The left side of the IN operator is either a single column or a tuple. For example SELECT UserID IN (123, 456) FROM ...

If the left side is a single column that is in the index, and the right side is a set of constants, the system uses the index for processing the query.

The right side of the operator can be a set of constant expressions, a set of tuples, the name of a database table, or a SELECT subquery in brackets. The subquery can specify more than one column for filtering tuples. For example:

SELECT (CounterID, UserID) IN (SELECT CounterID, UserID FROM ...) FROM ....

The columns to the left and right of the IN operator should have the same type.

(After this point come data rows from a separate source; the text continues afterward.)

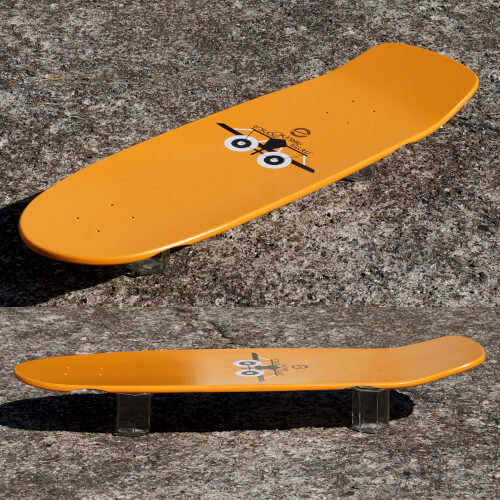 サンタモニカエアラインスケートボード ガールオンプレーン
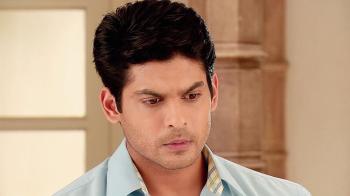 jiocinema - Shivraj is shocked about Anandi's behaviour.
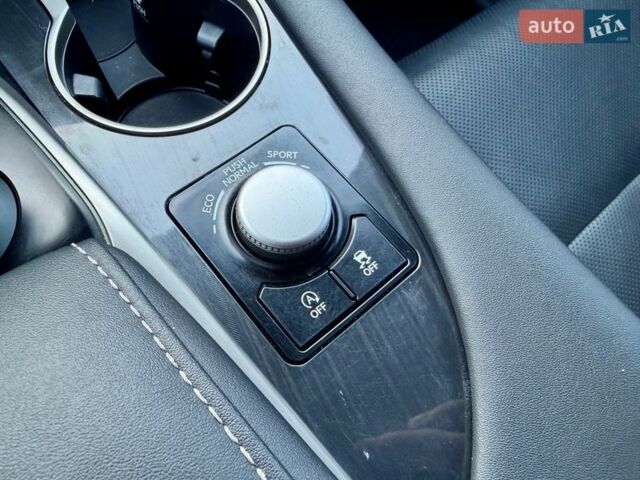 Белый Лексус РХ, объемом двигателя 2 л и пробегом 71 тыс. км за 31900 $, фото 67 на Automoto.ua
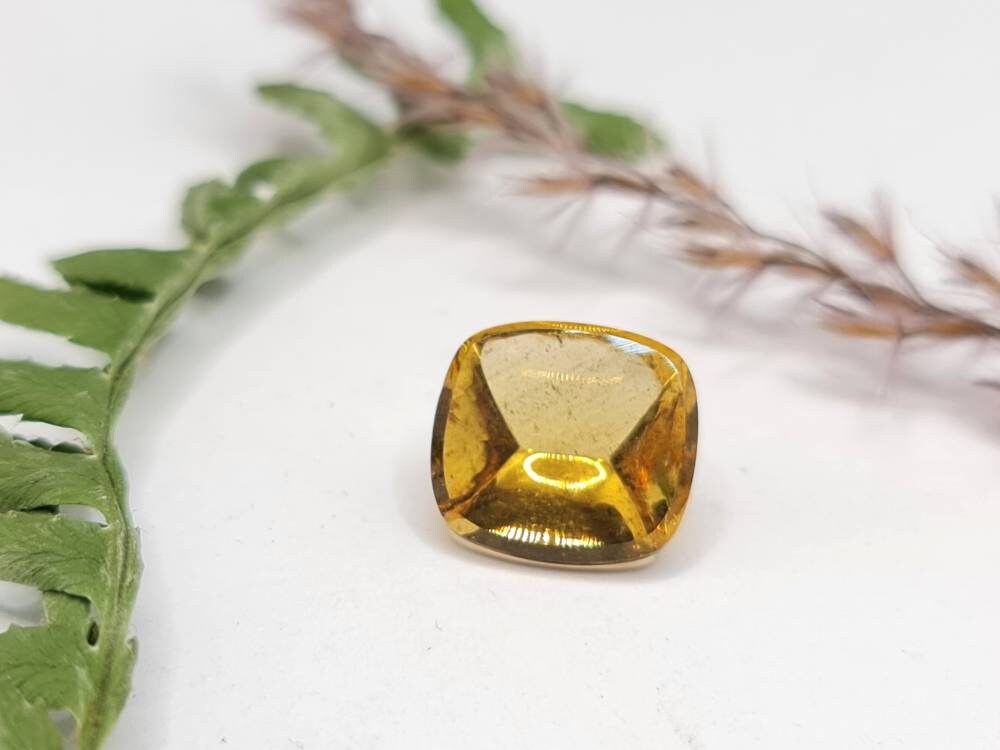 Goldgelber Turmalin im Spiegelschliff, abgerundetes Rechteck 12,5x11,5mm 4,47ct (Nr.245)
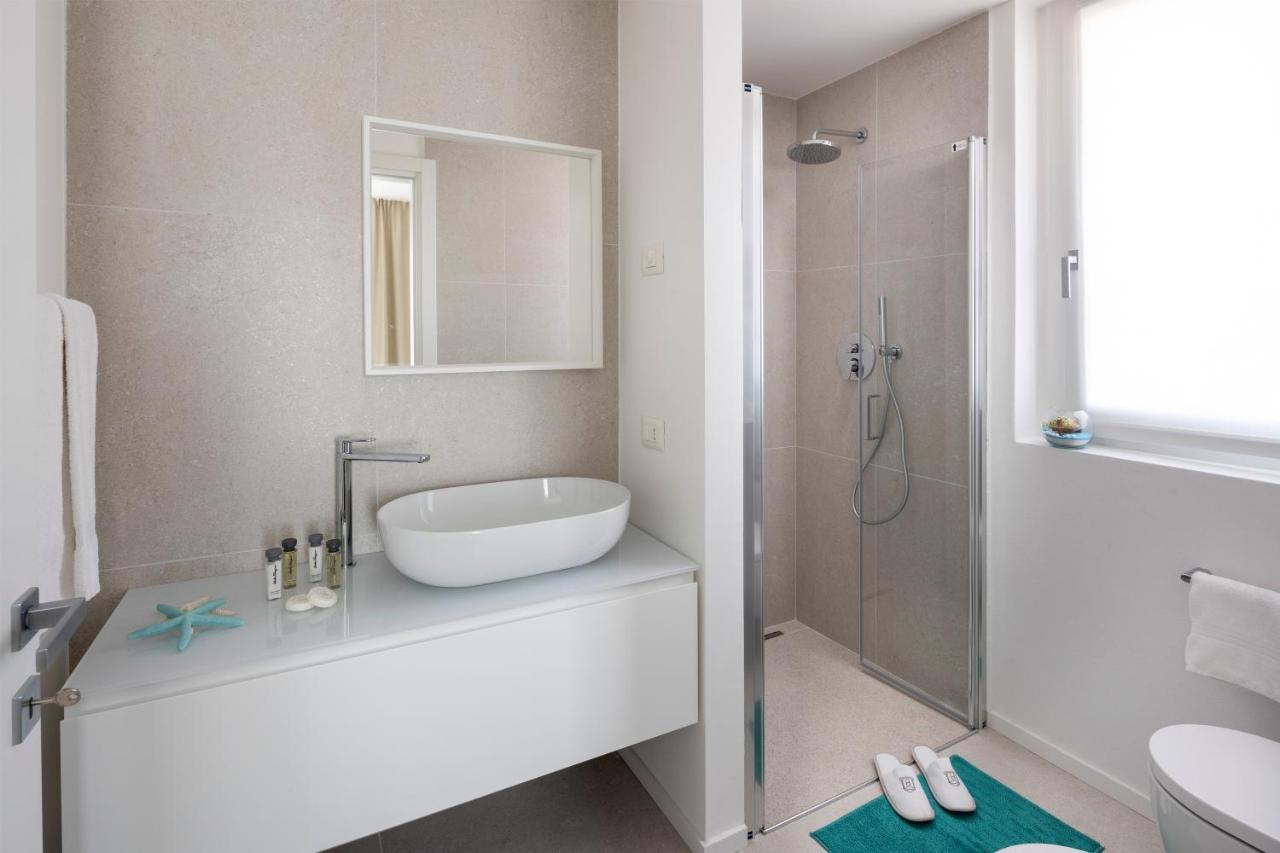 The Palm Riccione Aparthotel ภายนอก รูปภาพ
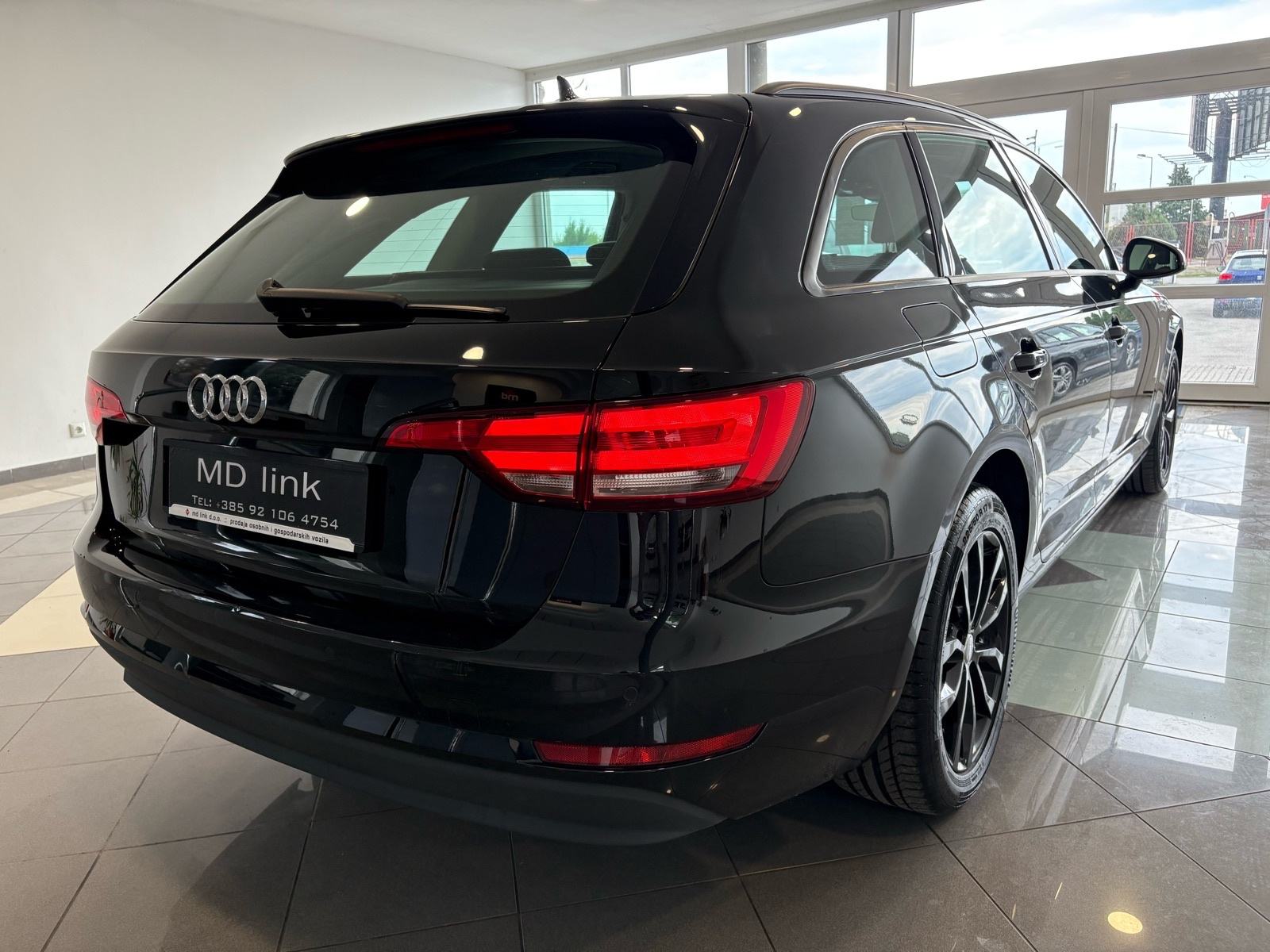 Audi A4 Avant 2,0 TDI automatik, fotografija 19
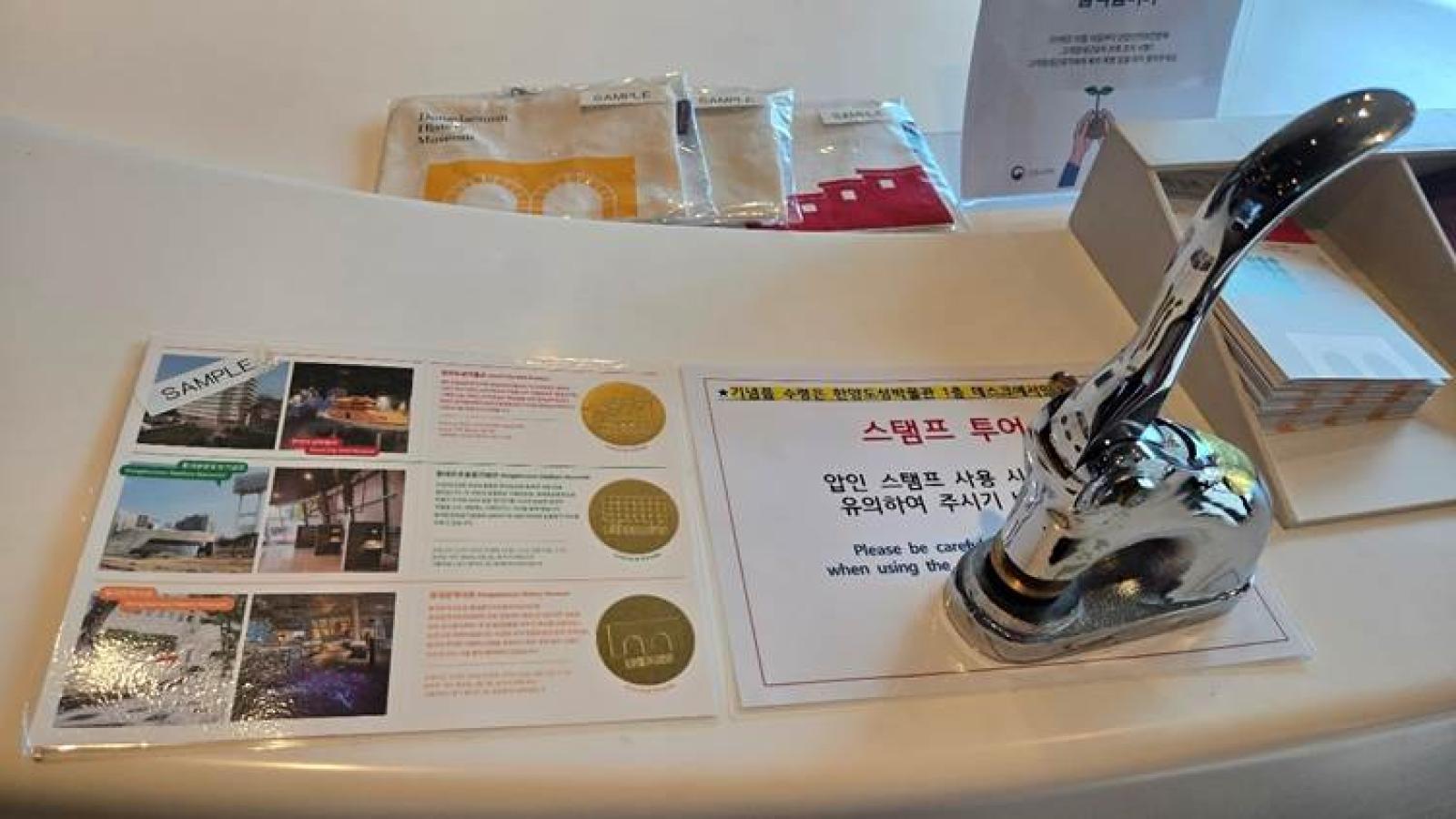 텍스트, 실내, 싱크대, 가전용품이(가) 표시된 사진  AI 생성 콘텐츠는 정확하지 않을 수 있습니다.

The IN operator and the subquery can occur in any part of the query, including in aggregate functions and lambda functions.

NULL Processing

During request processing, the IN operator assumes that the result of an operation with NULL is always equal to 0, regardless of whether NULL is on the right or left side of the operator. NULL values are not included in any dataset, do not correspond to each other, and cannot be compared.

The Asterisk Symbol (*)

You can put an asterisk in any part of a query instead of an expression. When the query is analyzed, the asterisk is expanded to a list of all table columns. There are only a few cases when using an asterisk is justified:

When you creatie a table dump.
For tables that contain just a few columns.
For getting information about what columns are in a table. In this case, set LÍMIT 1. We recommend that you use the DESC TABLE query.
When there is strong filtration on a small number of columns, use PREWHERE.
In subqueries (because columns that are not needed for the external query are excluded from subqueries).

In all other cases, we do not recommend that you use the asterisk due to performance issues.